§ **YOUR ASSIGNMENT**
The listing below should be printed exactly, though its pictures must not be.

§ **DATA EXTRACT**
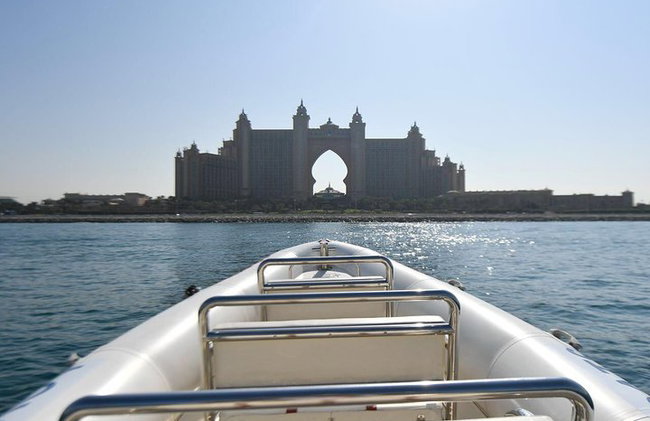 The Love Boats Dubai: Enjoy The 90 Minutes Love Tour - Photo 2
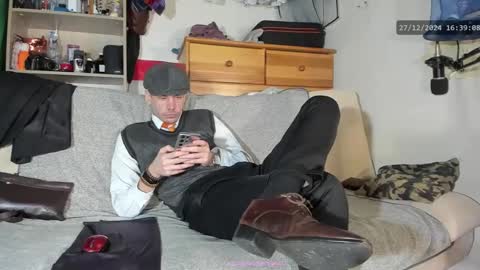 Snapshot of telepaticman chatting on 12.27.24 Virg Lszl online show from 12.27.24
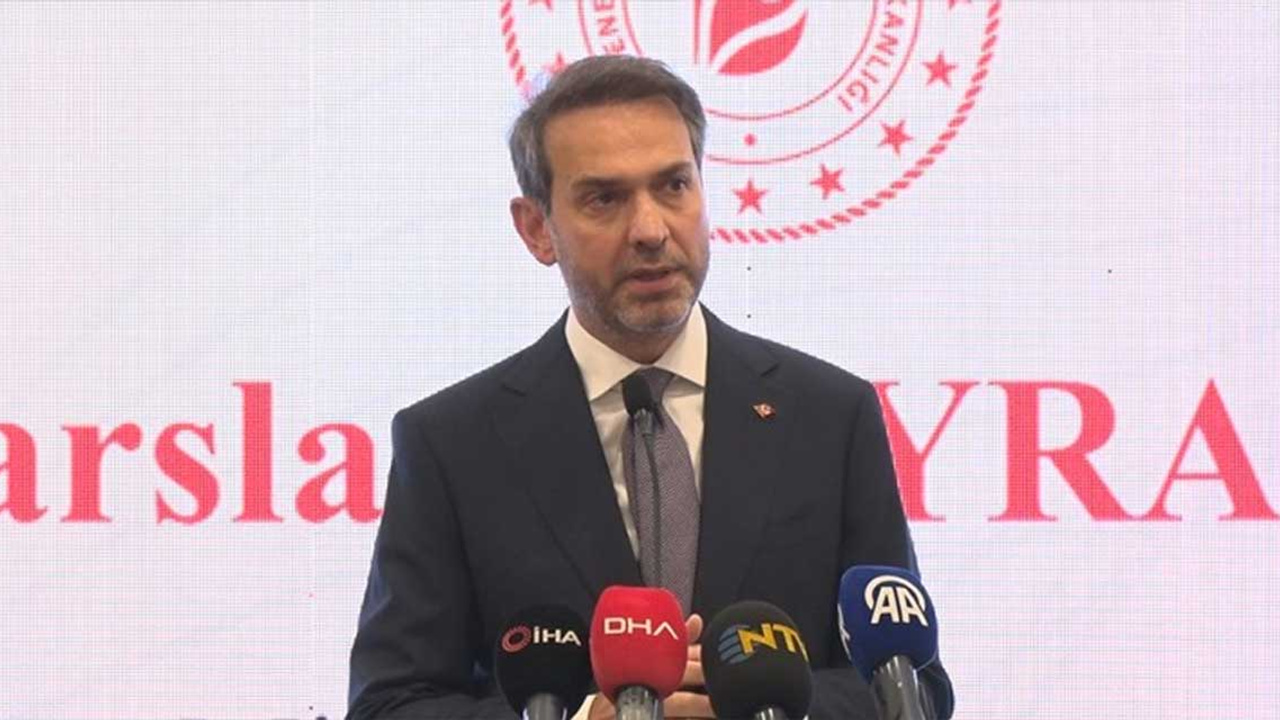 Bakan Bayraktar: ''10 yıl içerisinde yaklaşık 10 milyar dolarlık yatırım hedefimiz var''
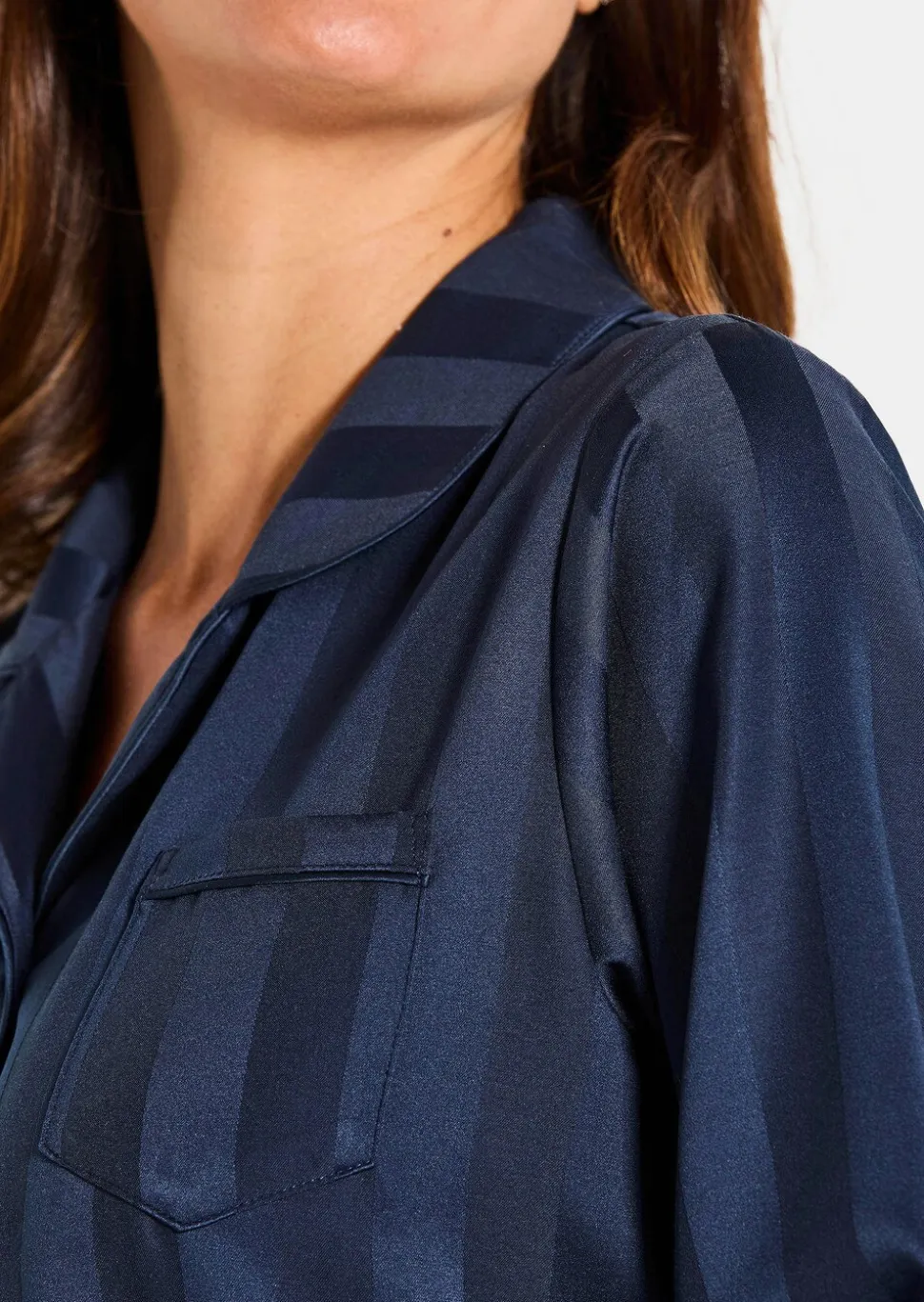 Chemise de nuit rayée en satin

§ **RESULT**
 The Love Boats Dubai: Enjoy The 90 Minutes Love Tour - Photo 2
 Snapshot of telepaticman chatting on 12.27.24 Virg Lszl online show from 12.27.24
 Bakan Bayraktar: ''10 yıl içerisinde yaklaşık 10 milyar dolarlık yatırım hedefimiz var''
 Chemise de nuit rayée en satin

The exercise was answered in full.